A la vez que hoy es posible tomar este conjunto de medidas porque finalmente “la gente entendió”. Y es sólo porque no entendían que habían votado a otras opciones políticas, es sólo porque “no la ven” que pueden oponerse a estas medidas, para las que “no hay alternativa”. Vía por la cual se socaba otro pilar de la democracia representativa: la posibilidad del pluralismo político y, con él, de que no haya un partido único sino, justamente, partidos, partes de una sociedad mayor. Pero ¿qué sentido puede tener un partido cuando sólo hay un camino correcto?, cuando cualquier alternativa proviene del error o, peor aún, de la pretensión de engañar a “la gente” en provecho propio (corrupción). La pretensión de arrogarse la Suma del Poder Público es propia de una tiranía, que muestra su faz autoritaria al negar la posibilidad misma del pluralismo político, es decir, al tornar inaceptable que alguien piense diferente.

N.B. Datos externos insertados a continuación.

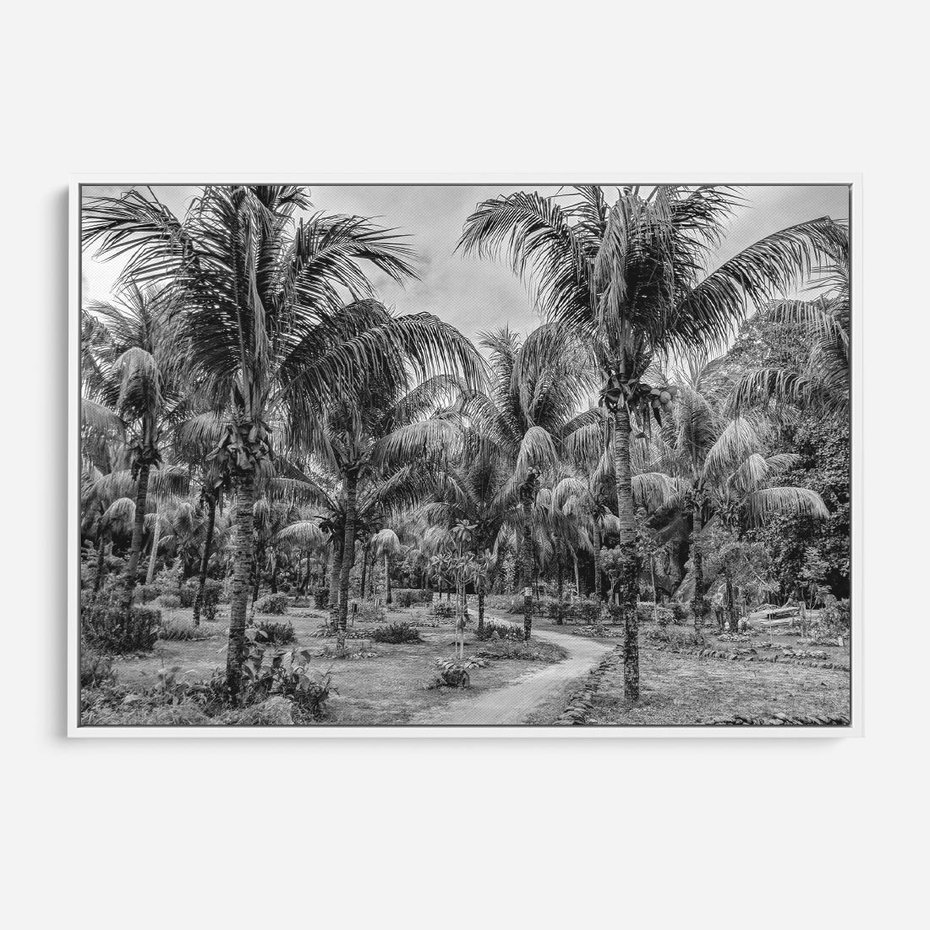 Obraz w ramie 120x80 - Mroczna Ścieżka Tropików - czarno biała fotografia, ścieżka pośród palm - rama biała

Para esta mirada, sólo importa seguir el camino correcto y carece de sentido detenerse a mirar los costes que el recorrido pueda generar. Pues esta manera de actuar en el mundo se construye sobre una verdad (pretendidamente) amoral, por lo que no hay reparos morales frente al hambre, ni frente a la imposibilidad de acceder a una vivienda. Su fría racionalidad no genera empatía ni se conmueve ante nada que no sea leído como un paso más en ese camino correcto. Las tres piezas discursivas expresan la manera de ver y actuar de este gobierno, que se orienta a minar la democracia –al combatir a una política que sólo puede percibir como fuente de engaños y corrupción–, que niega legitimidad a toda visión que no sea la propia –pues sólo puede provenir del error–, que es fríamente indiferente frente a las consecuencias inmediatas de sus medidas –ya que sólo importa avanzar por el camino correcto, no los costes de hacerlo–.

Día a día están agravando el dolor de la población, generándole nuevos padecimientos, a los que sólo pueden reaccionar con la mirada fría de quien saca cuentas aun cuando su resultado sea tachar personas, y la sonrisa satisfecha de quien se siente transitando el camino correcto aunque esté empedrado de sufrimientos ajenos.